____ Records

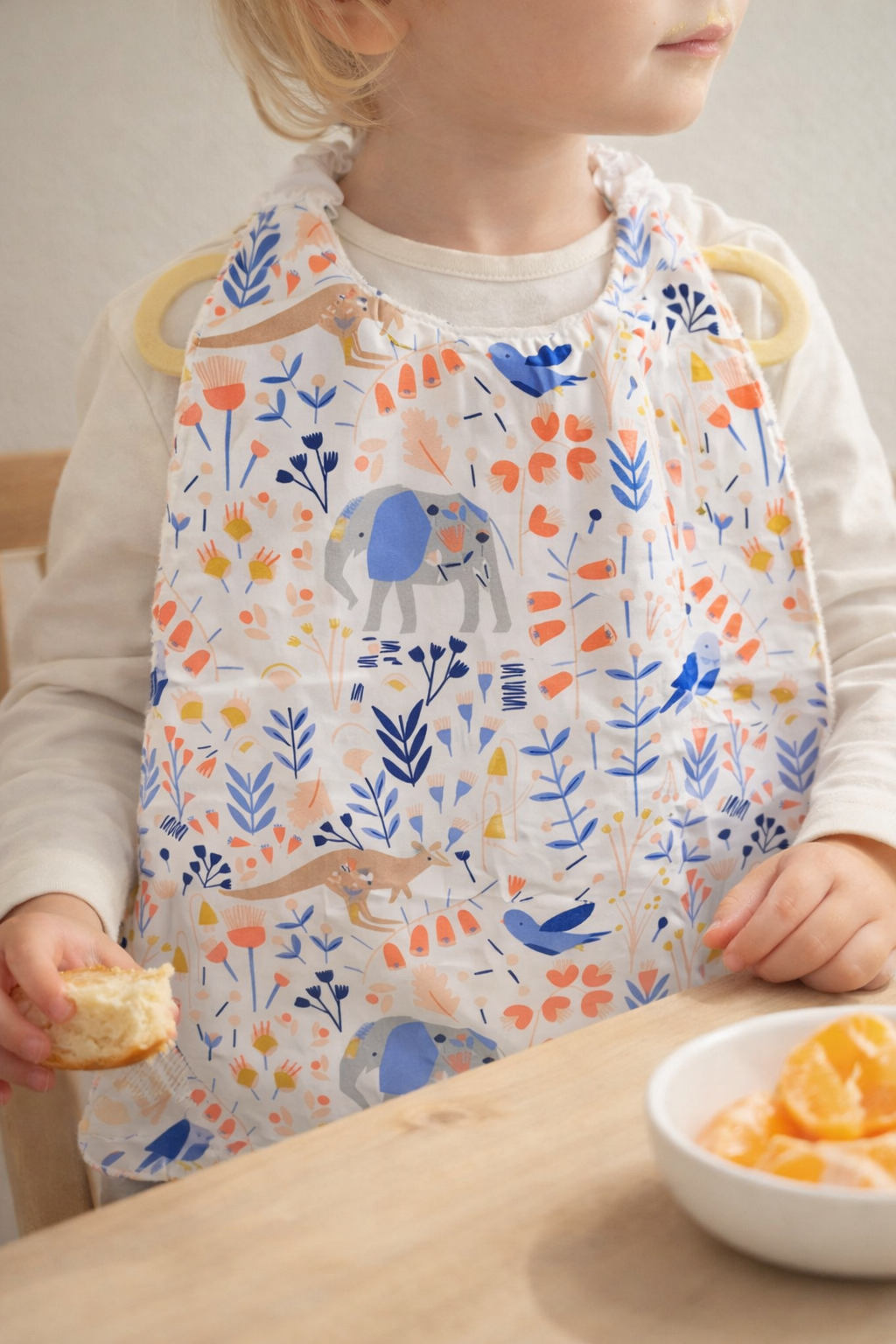 Bavoir maternelle à encolure élastique porté par un enfant à table, fait main par Lil'O'Zelle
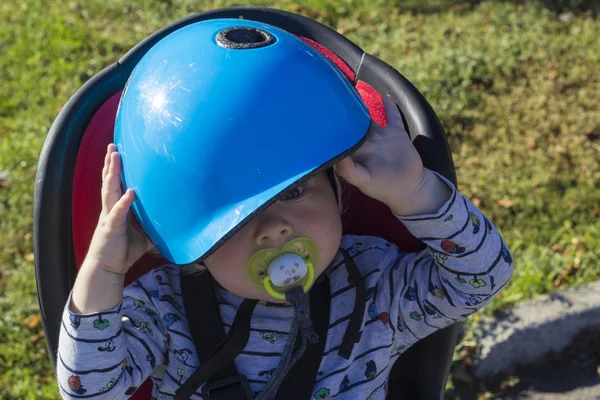 Un bambino su una sedia a rotelle non vuole stare al casco — Foto Stock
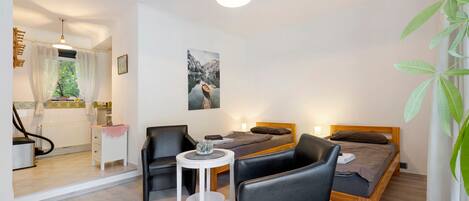 A room with a bed, two chairs, a small table, a radiator, a window with curtains, and a painting on the wall.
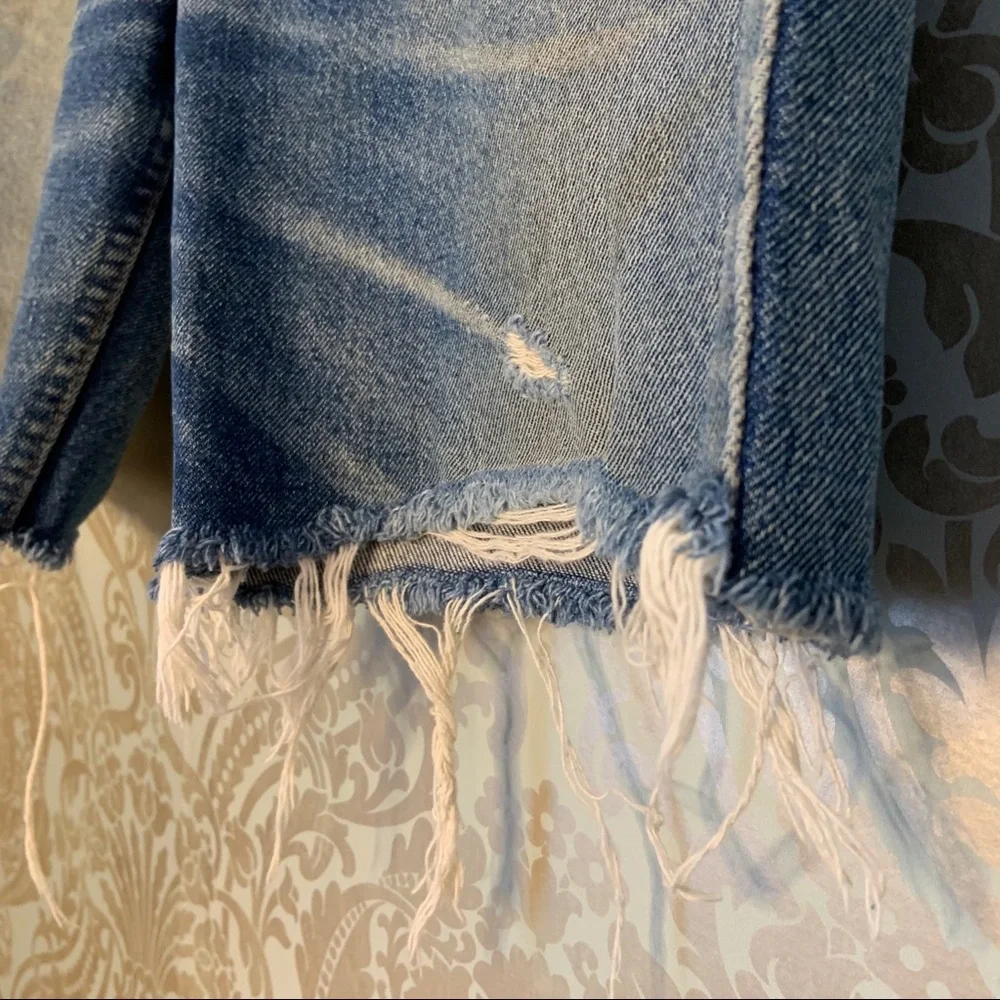 Levi's Faded Blue Distressed Denim Cutoff Shorts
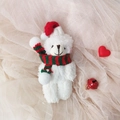 White teddy bear plush in a red Christmas hat and scarf as a festive bag accessory - White Bear With Green Red Scarf
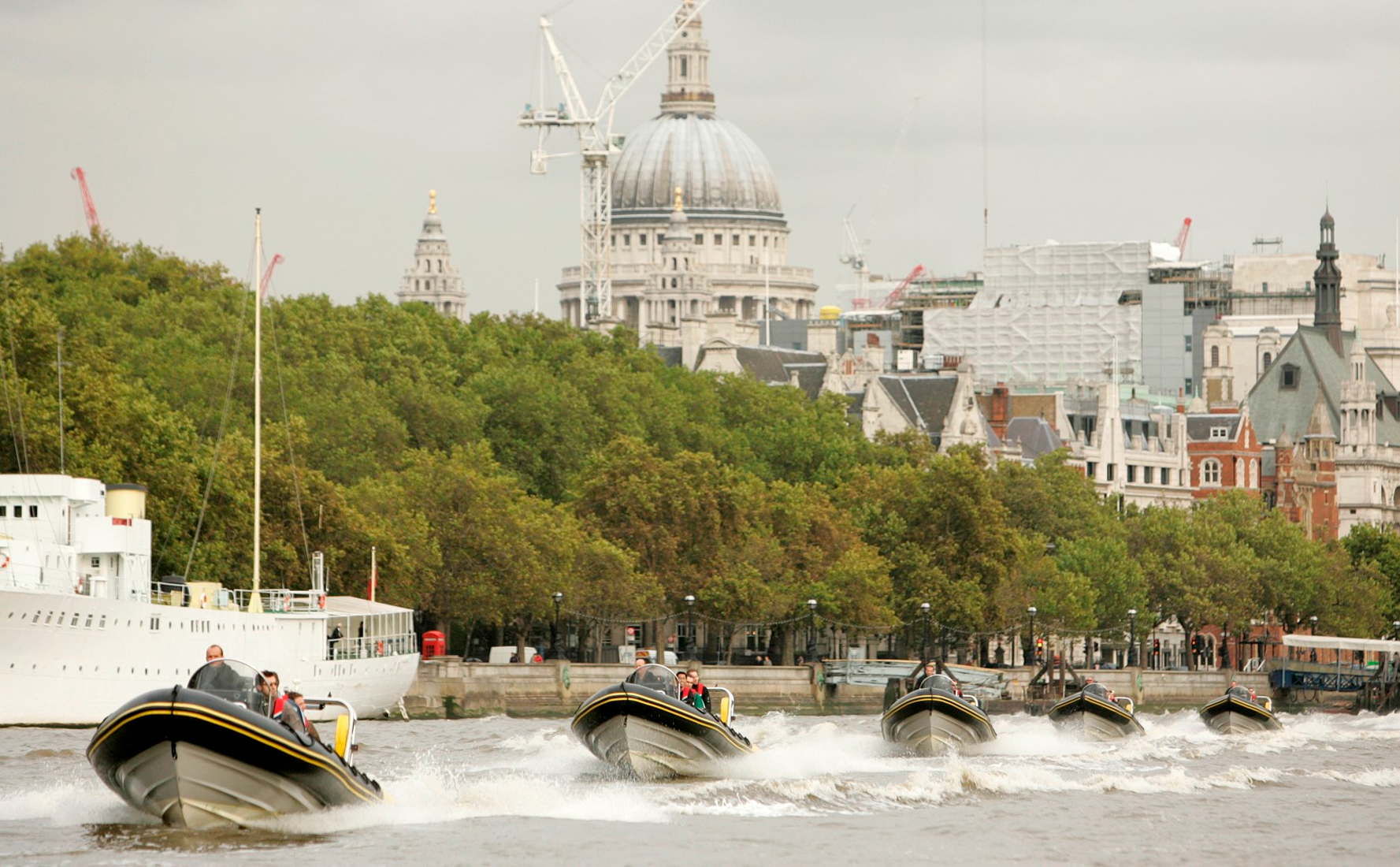 Corporate guests aboard high-speed RIBs on the River Thames with St Paul’s Cathedral and the London skyline in the background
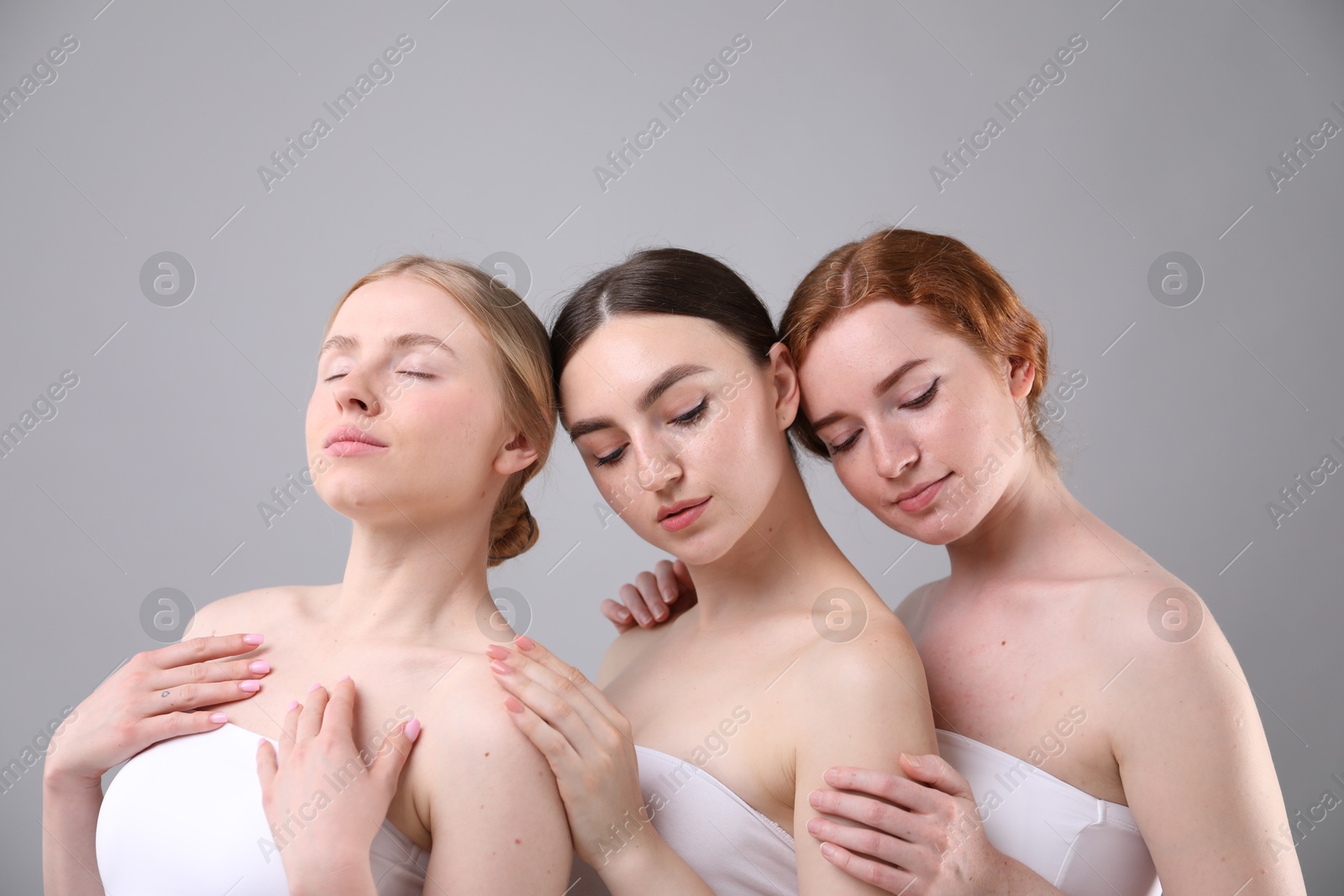 Beautiful women with different hair colors on grey background Photo of Beautiful women with different hair colors on grey background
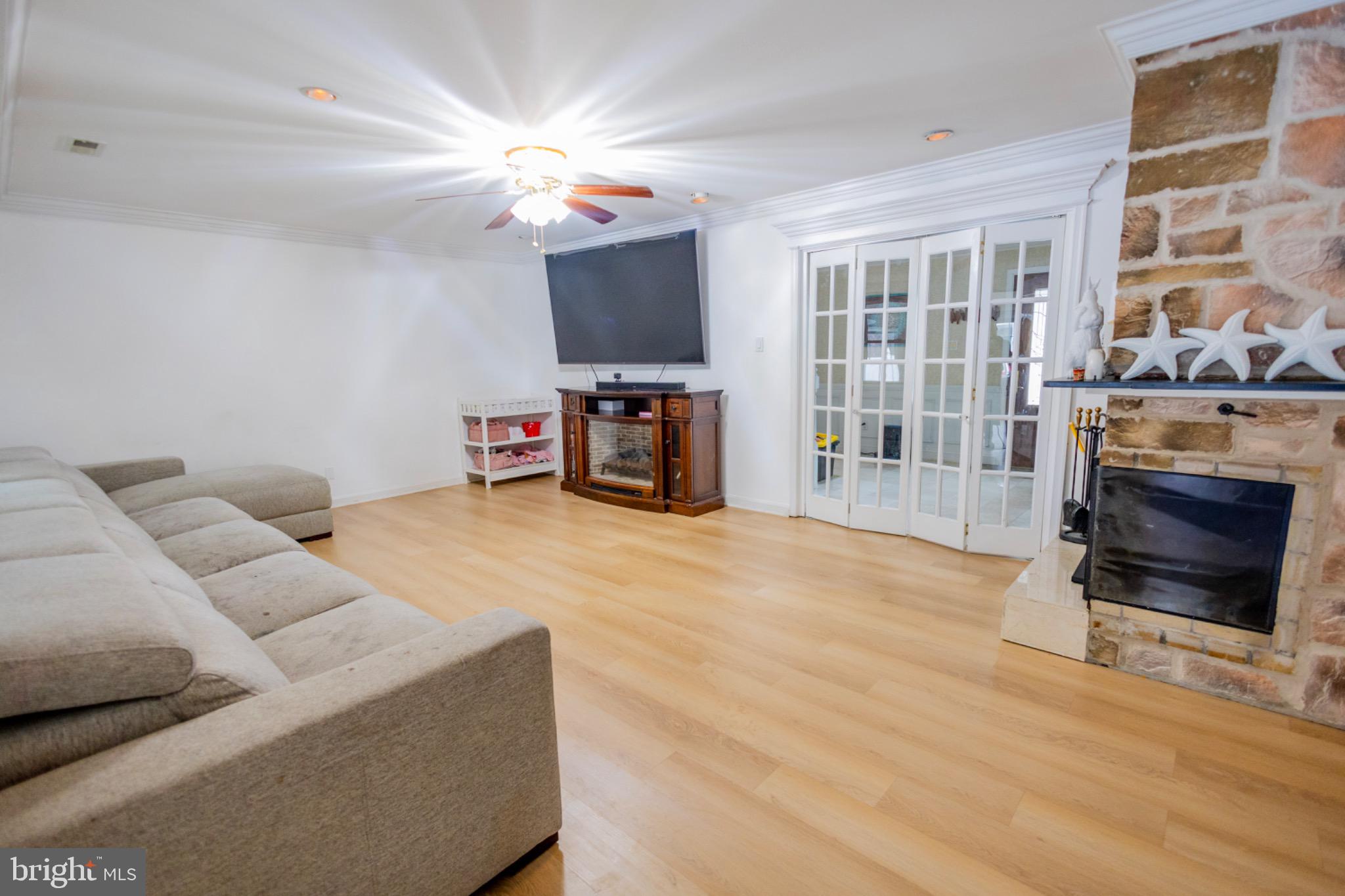 24 Rose Apple Road Levittown, PA 19056 - Photo 6 of 24 a living room with furniture a flat screen tv and a fireplace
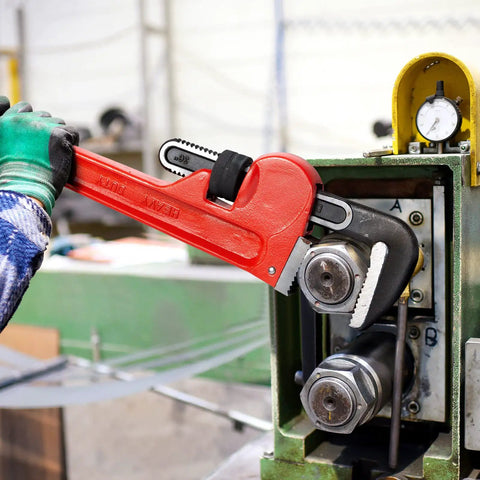 36 Inch Heavy Duty Pipe Wrench With Adjustable Aluminum Body And Floating Hook Jaw Rust Resistant Red I Beam Handle Rugged Grip For Industrial Plumbing And Tough Pipe Jobs in use on machinery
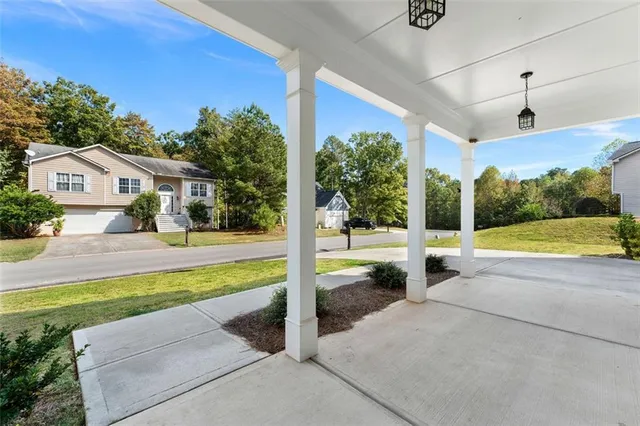 a view of a house with swimming pool and a yard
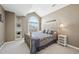 Bedroom featuring a large window and neutral decor at 7081 Salvia St, Arvada, CO 80007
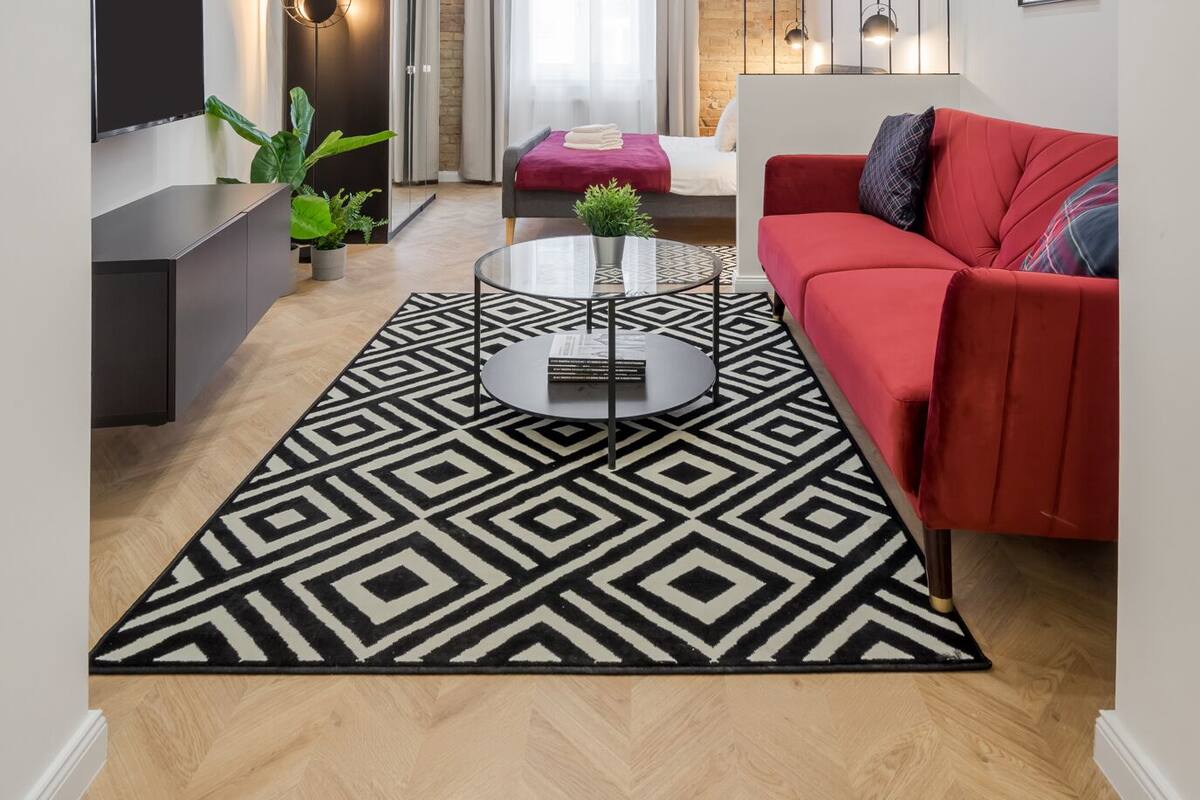 Ein modernes Wohnzimmer mit einem roten Sofa, einem schwarz-weißen Teppich, einem an der Wand montierten Fernseher und einer Ziegelwand.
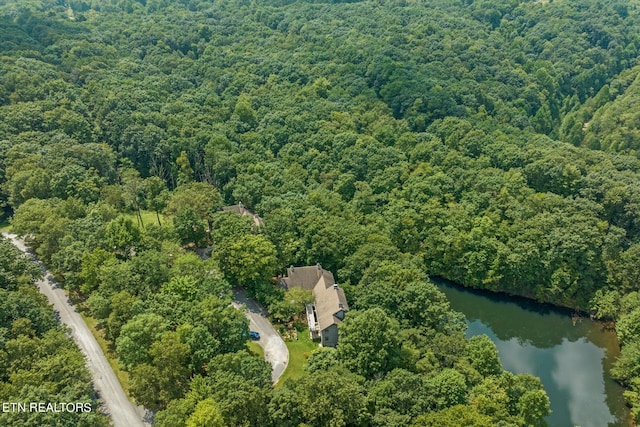 drone / aerial view with a water view and a wooded view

________

- [Problem to work on]
Using the data above, set down each line from the line with "24 Rose Apple" to the line with "Bedroom featuring a" exactly, both ends included, and leave the pictures behind. Nothing else belongs.

- [Answer to the problem]
 24 Rose Apple Road Levittown, PA 19056 - Photo 6 of 24 a living room with furniture a flat screen tv and a fireplace
 36 Inch Heavy Duty Pipe Wrench With Adjustable Aluminum Body And Floating Hook Jaw Rust Resistant Red I Beam Handle Rugged Grip For Industrial Plumbing And Tough Pipe Jobs in use on machinery
 a view of a house with swimming pool and a yard
 Bedroom featuring a large window and neutral decor at 7081 Salvia St, Arvada, CO 80007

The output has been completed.